A MAF flight provided the crucial link between an isolated community and Timor-Leste’s only hospital for a child suffering from rheumatic heart disease.
William Dae Pani loves playing football and spending time with his friends, but the seven-year-old was suffering in pain and discomfort when the MAF plane arrived to bring him to hospital.
The seven-year-old, from Maliana in the western part of Timor-Leste, boarded one of around 200 medevacs MAF has flown so far in 2023. It is a short 25-minute flight to the capital Dili, but the only alternative would be an uncomfortable three-hour journey by road. William had been diagnosed with rheumatic heart disease and urgently needed to be flown to the national hospital in the capital.
His father Yakobus Dae Pani said the youngster had been assessed at a local clinic in Maliana, where health officials had made the decision to call out the MAF plane.
“He felt this pain for two weeks, and we went to the hospital for a check-up.
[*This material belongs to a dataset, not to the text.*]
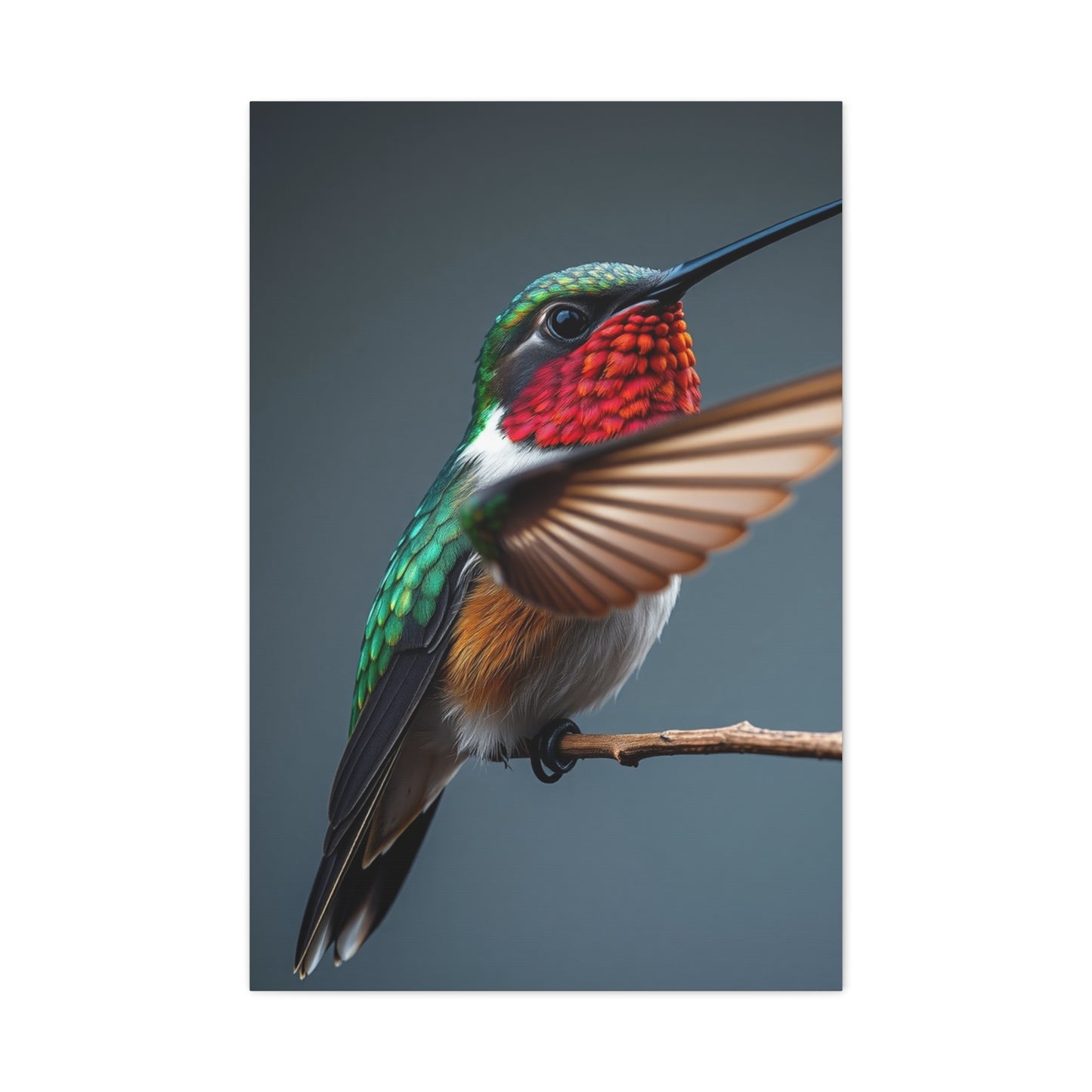 Humming Bird Art Luxury Canvas Wall Art & Canvas Print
Then we brought him to the referral hospital to do a check-up and found some infection in his heart,” he said.
The father was feeling grateful for the option to fly with MAF, which is part of an arrangement to provide medevacs for Timor-Leste’s national ambulance service.
“When I heard that my son would be transferred by MAF’s plane to Dili, I was happy because it’s a way that can save his life,” he said.
“Travelling by a plane is the easiest and safest way to help him to get to Dili rather than making a long journey by road.
“I thanked MAF for helping us transport my son from Maliana to Dili to get further medical treatment, and they saved my son’s life.”
The next challenge is to support William while he waits to get the right treatment at the Hospital National Guido Valadares (HNGV) so he can hope to return to a normal life in his community.
The flight that collected William was one of two MAF planes that took off to Maliana on the same day. The other patient was a woman suffering from a kidney infection.
Just two days later, a MAF plane flew to Viqueque, on the south-east coast of Timor-Leste, to evacuate a woman who suffered pregnancy complications.
Doctor Gustodio de Jesus Alves, an emergency specialist at HNGV, said the challenge Timor-Leste faced was to keep developing its young health system so patients could receive earlier care in their communities.
“We are working very hard at the moment to try and to make a bridge between emergency hospital care and pre-hospital care,” he said. “We need to focus on training more people so that, in five- or ten-years’ time, we'll have more people to look after or continue what we have started.”